参照法条 労働施策の総合的な推進並びに労働者の雇用の安定及び職業生活の充実等に関する法律30条の2
地方公務員法28条
体系項目 懲戒・懲戒解雇/懲戒事由/ (7) 暴力・暴行・暴言
裁判年月日 令和4年9月13日
裁判所名 最高裁三小
裁判形式 判決
事件番号 令和4年(行ヒ)第7号
裁判結果 破棄自判
出典 最高裁判所裁判集民事269号21頁
判例時報2547号93頁
判例タイムズ1504号13頁
金融・商事判例1663号7頁
金融・商事判例1664号24頁
労働判例1277号5頁
労働経済判例速報2507号3頁
判例地方自治496号62頁
裁判所ウェブサイト掲載判例
審級関係
評釈論文 河津博史・銀行法務2166巻13号67頁2022年11月
和田一郎・労働経済判例速報2507号2頁2023年4月10日
本久洋一・労働法律旬報2033号51~52頁2023年6月10日
岩出誠(東京大学労働法研究会)・ジュリスト1584号132~135頁2023年5月
加藤新太郎・NBL1245号124~127頁2023年7月1日
高畑柊子・民商法雑誌159巻4号45~50頁2023年10月
江原勲、榎本洋一・判例地方自治503号4~8頁2023年11月
戸谷雅治・季刊労働法283号188~189頁2023年12月
河合塁(労働判例研究会)・法律時報96巻1号140~143頁2024年1月
白石浩亮・経営法曹218号36~43頁2023年12月
深澤龍一郎・判例評論780号(判例時報2579)113~118頁2024年3月1日
判決理由 〔 懲戒・懲戒解雇/懲戒事由/ (7) 暴力・暴行・暴言 〕
 原審の上記判断は是認することができない。その理由は、次のとおりである。
 (1) 地方公務員法28条に基づく分限処分については、任命権者に一定の裁量権が認められるものの、その判断が合理性を持つものとして許容される限度を超えたものである場合には、裁量権の行使を誤った違法のものであることを免れないというべきである。そして、免職の場合には公務員としての地位を失うという重大な結果となることを考えれば、この場合における判断については、特に厳密、慎重であることが要求されるものと解すべきである(最高裁昭和43年(行ツ)第95号同48年9月14日第二小法廷判決・民集27巻8号925頁参照)。
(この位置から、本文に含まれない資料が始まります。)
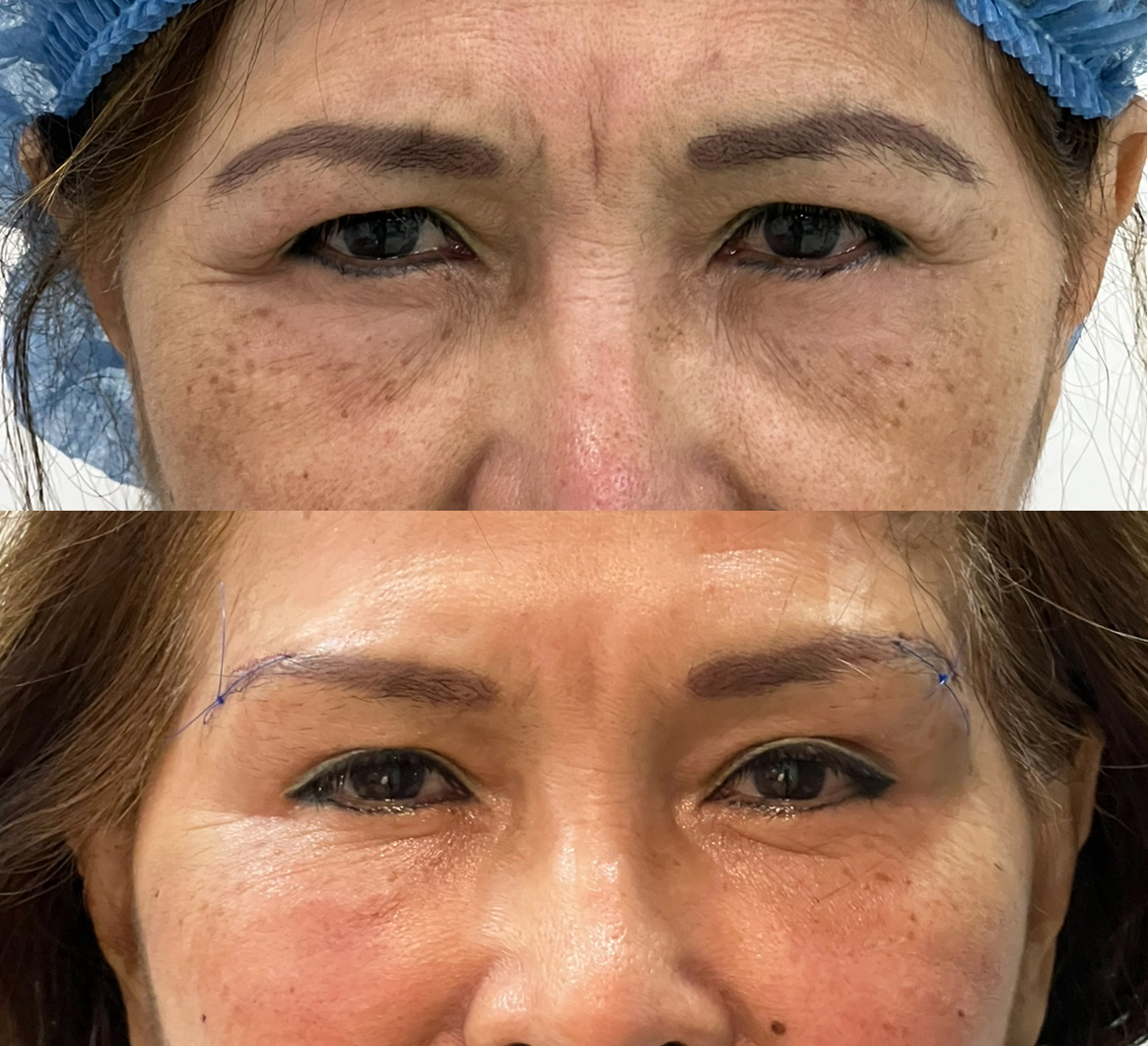 Rejuvenecimiento del rostro con grasa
 (2) 本件各行為は、5年を超えて繰り返され、約80件に上るものである。その対象となった消防職員も、約30人と多数であるばかりか、上告人の消防職員全体の人数の半数近くを占める。そして、その内容は、現に刑事罰を科されたものを含む暴行、暴言、極めて卑わいな言動、プライバシーを侵害した上に相手を不安に陥れる言動等、多岐にわたる。
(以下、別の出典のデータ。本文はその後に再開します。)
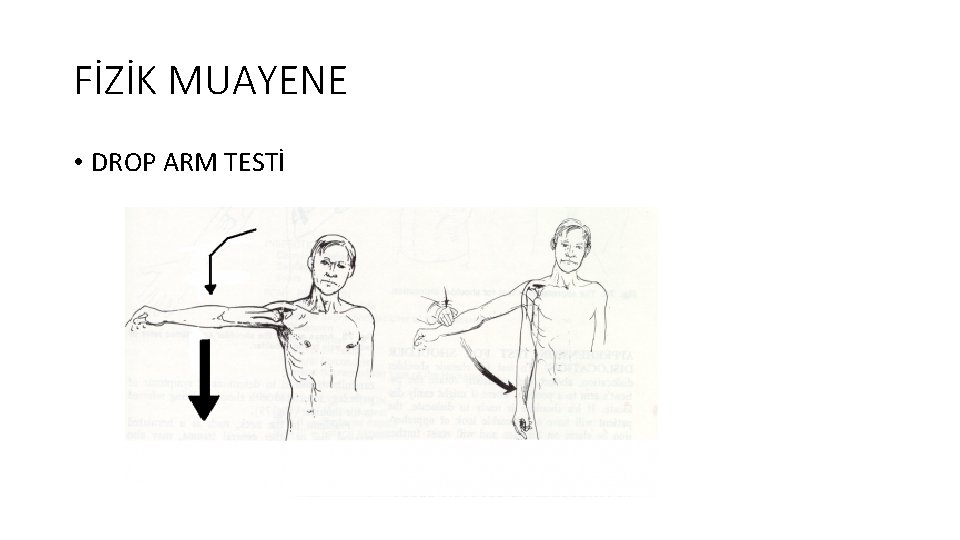 FİZİK MUAYENE • DROP ARM TESTİ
 こうした長期間にわたる悪質で社会常識を欠く一連の行為に表れた被上告人の粗野な性格につき、公務員である消防職員として要求される一般的な適格性を欠くとみることが不合理であるとはいえない。また、本件各行為の頻度等も考慮すると、上記性格を簡単に矯正することはできず、指導の機会を設けるなどしても改善の余地がないとみることにも不合理な点は見当たらない。
 さらに、本件各行為により上告人の消防組織の職場環境が悪化するといった影響は、公務の能率の維持の観点から看過し難いものであり、特に消防組織においては、職員間で緊密な意思疎通を図ることが、消防職員や住民の生命や身体の安全を確保するために重要であることにも鑑みれば、上記のような影響を重視することも合理的であるといえる。そして、本件各行為の中には、被上告人の行為を上司等に報告する者への報復を示唆する発言等も含まれており、現に報復を懸念する消防職員が相当数に上ること等からしても、被上告人を消防組織内に配置しつつ、その組織としての適正な運営を確保することは困難であるといえる。
 以上の事情を総合考慮すると、免職の場合には特に厳密、慎重な判断が要求されることを考慮しても、被上告人に対し分限免職処分をした消防長の判断が合理性を持つものとして許容される限度を超えたものであるとはいえず、本件処分が裁量権の行使を誤った違法なものであるということはできない。そして、このことは、上告人の消防組織において上司が部下に対して厳しく接する傾向等があったとしても何ら変わるものではない。